GLASGOW MSPs have hit out after the Evening Times' revealed the Fastlink transport scheme will not be complete in time for the city hosting the 2014 Commonwealth Games.

Despite assurances the project would be delivered for the event, only part of the overall £40million programme will be available and there will be no new vehicles on the route.

Fastlink is intended to have specially designed buses using segregated roadways beside the River Clyde from the city centre to the Southern General.

The Evening Times revealed yesterday the programme would be finished in 2015 for the opening of the new South Glasgow Hospitals at the Southern General site.

Only some segregated road space from Fastlink will be available to transport passengers during the Games and Fastlink will not open until the following year.

Plans for Fastlink were being developed before the Finance Secretary John Swinney said in 2009 the Scottish Government would contribute and said it would be a key component of the Commonwealth Games.

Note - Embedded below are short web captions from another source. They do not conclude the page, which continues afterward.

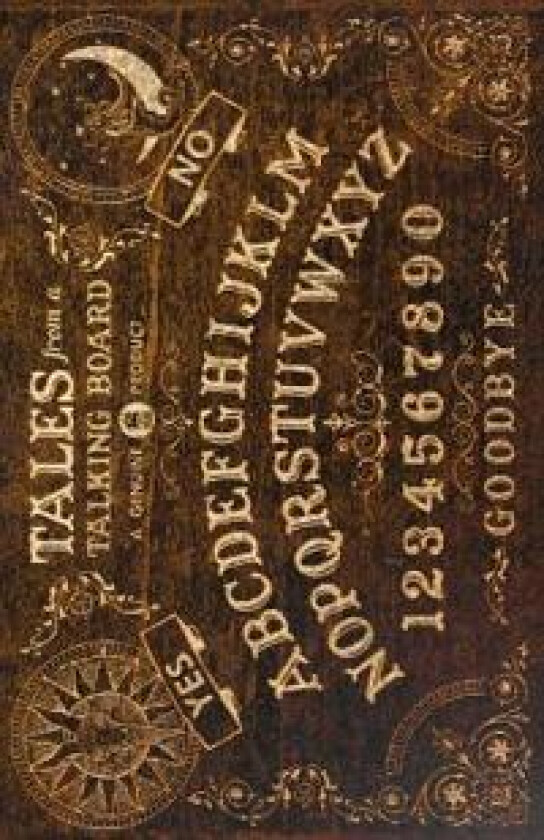 Tales from a Talking Board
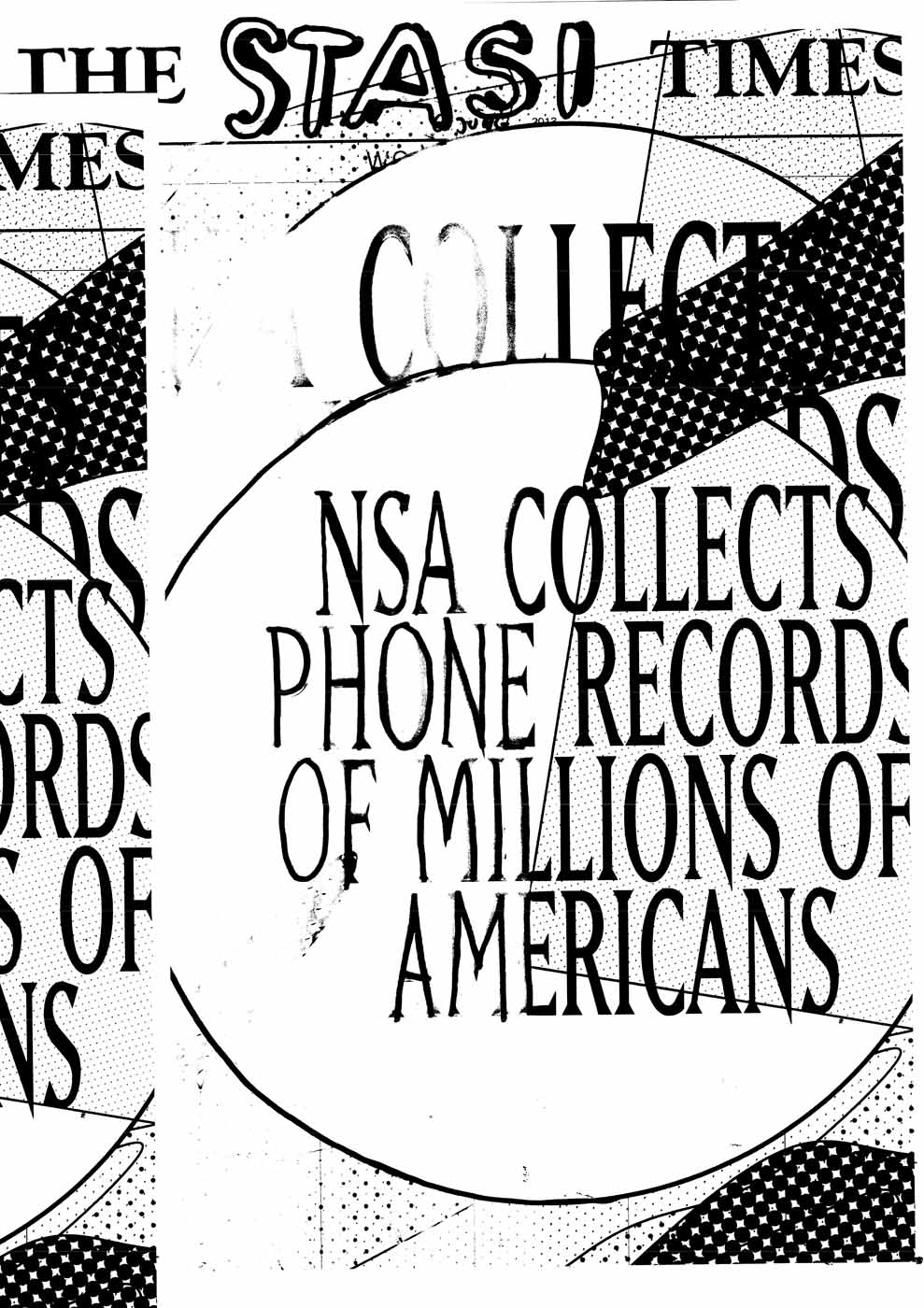 The Stasi Times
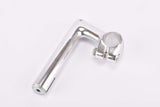 NOS 3ttt Mod. 1 Record Strada Stem in size 70mm with 26.0 mm bar clamp size from the 1970s - 1980s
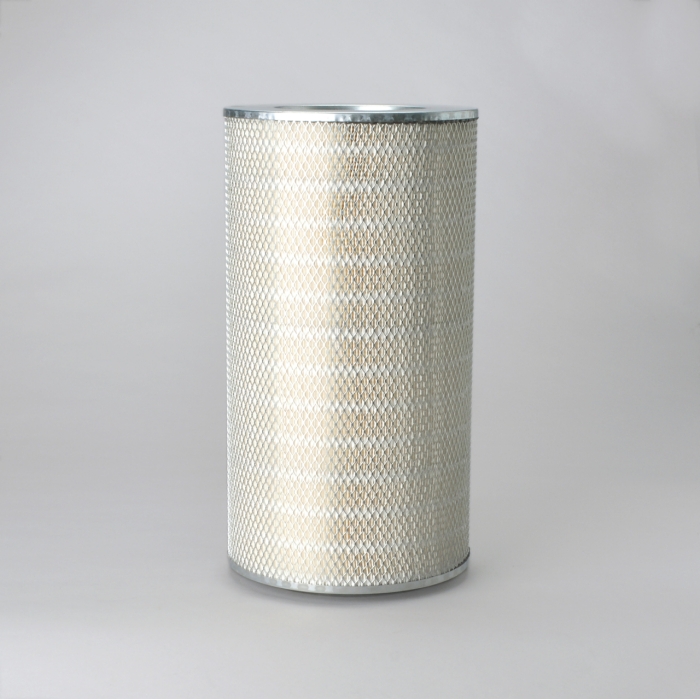 AIR FILTER, PRIMARY ROUND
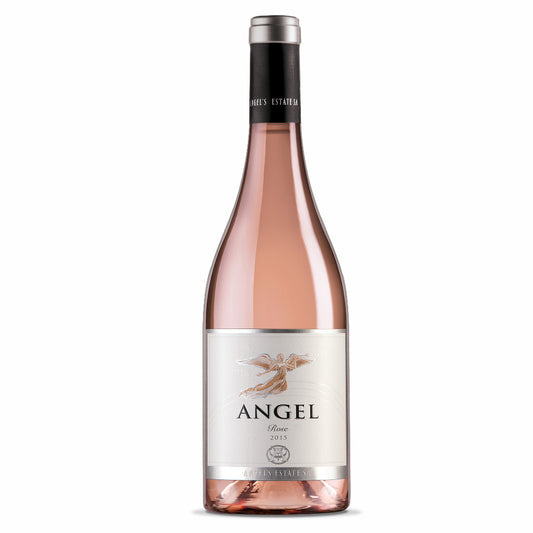 ANGEL ROSE WINE 0.75L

But the amount to come from the Government was not revealed until 2011, when Mr Swinney said it would pay the entire bill for phase 1 from the city centre to the SECC and the Southern General.

Maryhill and Springburn MSP Patricia Ferguson had asked Mr Swinney in January last year how much would be paid and warned then time was running out to have it completed for 2014.

Today, she said: "It is very disappointing it now appears the connections that should be available to transport athletes and spectators will not be completed.

"The Government was reminded that without investment at the appropriate time this infrastructure could not be delivered on time."

Green Party MSP Patrick Harvie said an incomplete transport system would give a poor impression of the city and better infrastructure could not come quick enough.

He said: "It is a dismal reflection of the low priority given to public transport in a city with a substandard bus service where hundreds of millions of pounds has been pumped into improvements for motorists.

"Half of Glasgow does not have access to a car so schemes such as Fastlink should be in the fast lane, not stuck on the hard shoulder.

"Visitors from other European cities will be shocked at the backward and ramshackle public transport Glaswegians have to put up with every day.

"I recently visited the Southern General to discuss transport issues and it is abundantly clear decent bus links can't come soon enough for patients, visitors and staff."